# anyone got a samsung tab2



## martyp1970 (Mar 27, 2012)

I have the above device but this site is the only one I have an issue with.
Namely 4/5 second delay,
Any ideas


----------



## Hoggy (May 8, 2002)

Hi, If you mean the Galaxy Tab 2 10" Tablet, then yes not very good with this website. TapaTalk is the way to go apparently.
Hoggy.


----------



## martyp1970 (Mar 27, 2012)

Hoggy said:


> Hi, If you mean the Galaxy Tab 2 10" Tablet, then yes not very good with this website. TapaTalk is the way to go apparently.
> Hoggy.


Yes the 10" one mate,
Tap talk, is that something that can be downloaded ?


----------



## T3RBO (Dec 9, 2003)

Yes, from the Play Store

https://play.google.com/store/apps/deta ... vity&hl=en


----------



## Jackieb (Nov 10, 2012)

Sorry to jump in but I purchased samsung tab 10" had the same problem so now use google chrome which is much better


----------



## Hoggy (May 8, 2002)

Hi, I use Chrome but same prob.

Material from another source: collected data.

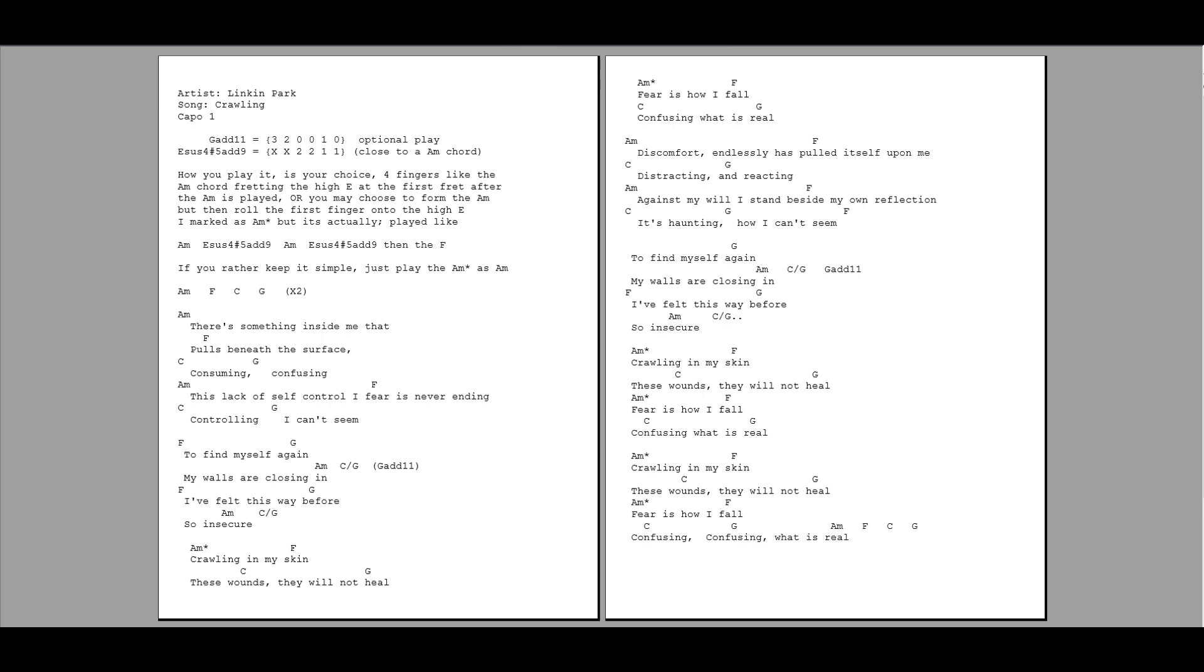I've felt this way before. So insecure. Crawling in my skin. These wounds, they will not heal. Fear is how I fall.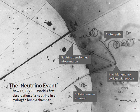A neutrino is a fermion that interacts only via the weak subatomic force and gravity. The mass of the neutrino is much smaller than that of the other known elementary particles. Although only differences of squares of the three mass values are known as of 2016, cosmological observations imply that the sum of the three masses must be less than one millionth that of the electron. The neutrino is so named because it is electrically neutral and because its rest mass is so small that it was long thought to be zero.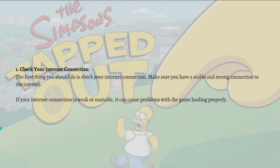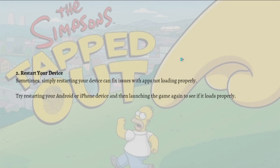First, what you can do is check your internet connection. This is the first thing that you might do — just make sure that you have a stable and strong connection to the internet. If your internet connection is weak or unstable, it can cause problems with the game loading properly.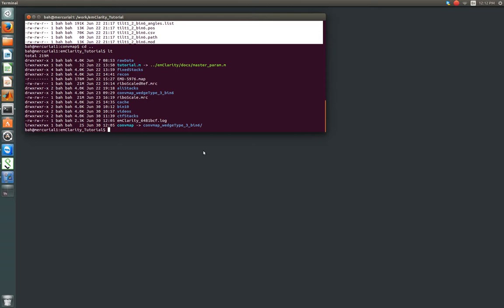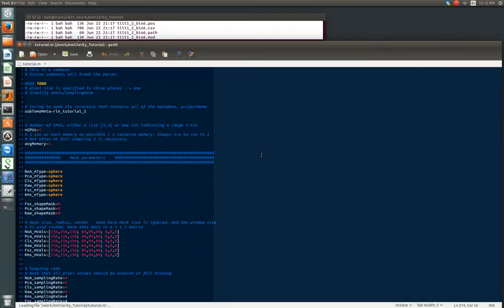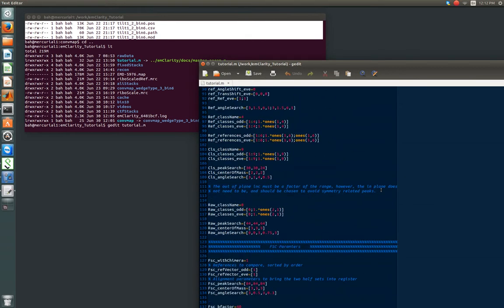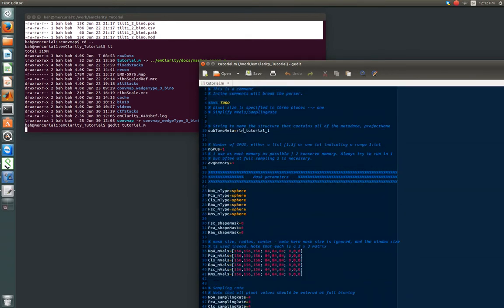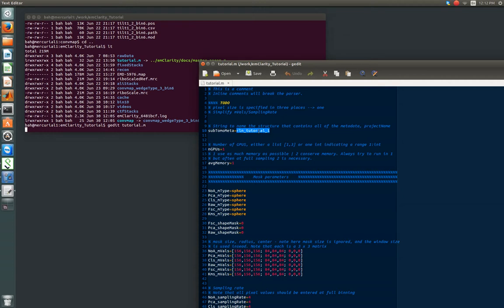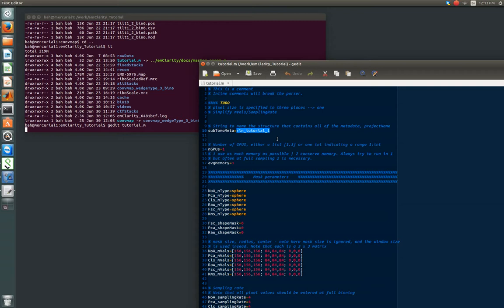And the next thing that we want to do, we'll of course, as we've done, open up the parameter file and point out the relevant details. So we're going to go the whole way up to the top now. And this is something that now comes into play. This subtomo meta is basically, what that means is just the binary file that stores all the data about your subsequent experiments. And you give it some name that can have numbers, underscores, and letters. And that's it. No other special characters. And it needs to start with a letter.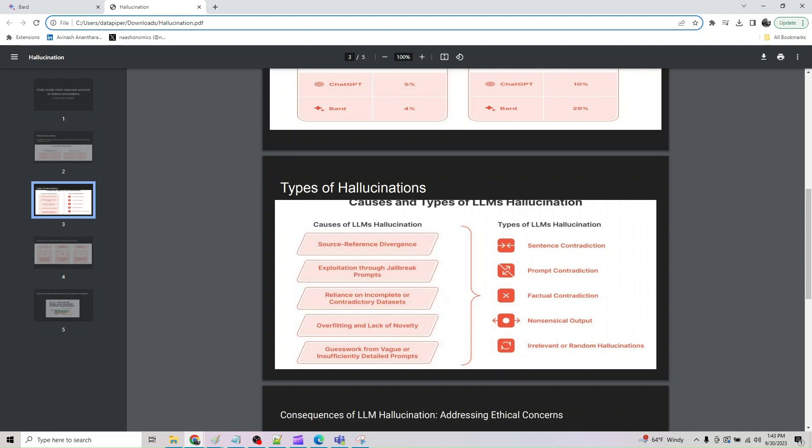Factual contradiction. LLM possess the capacity to generate fictional information, falsely presenting it as factual. They manifest when LLM produce inaccurate information that are erroneously presented as reliable information. They have profound implications as they contribute to dissemination of misinformation and erode the credibility of LLM generated context.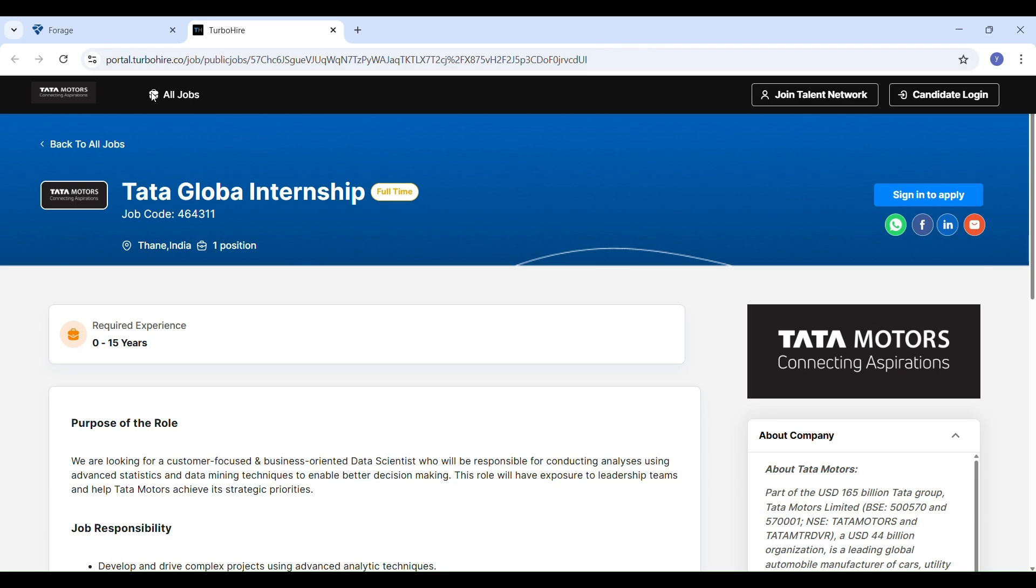Hi everyone, welcome back to StudyPlanet. Are you looking for a data analytics internship or dreaming of working with a reputed company like Tata?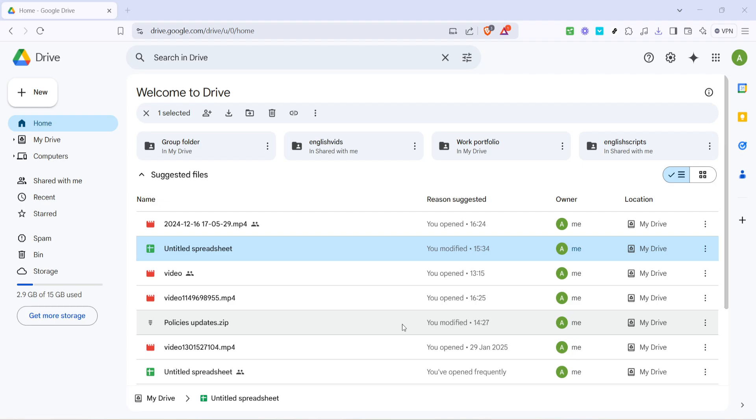To begin this process, the first thing you need to do is head over to Google Drive. Open your preferred web browser and type in drive.google.com. Once you're signed in, you'll land on your Google Drive home page where all your stored files and folders are organized.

Download TapaTalk from Play store, all fine then, but still prefer to use the LapTop.
Hoggy.


----------



## binary01 (Feb 26, 2013)

I use tapatalk HD for tablets, gives you a bit more space.

Sent from my Nexus 7 using Tapatalk HD


----------



## John-H (Jul 13, 2005)

Is that with the stock browser then? Have you tried Dolphin HD? I find that's very good.


----------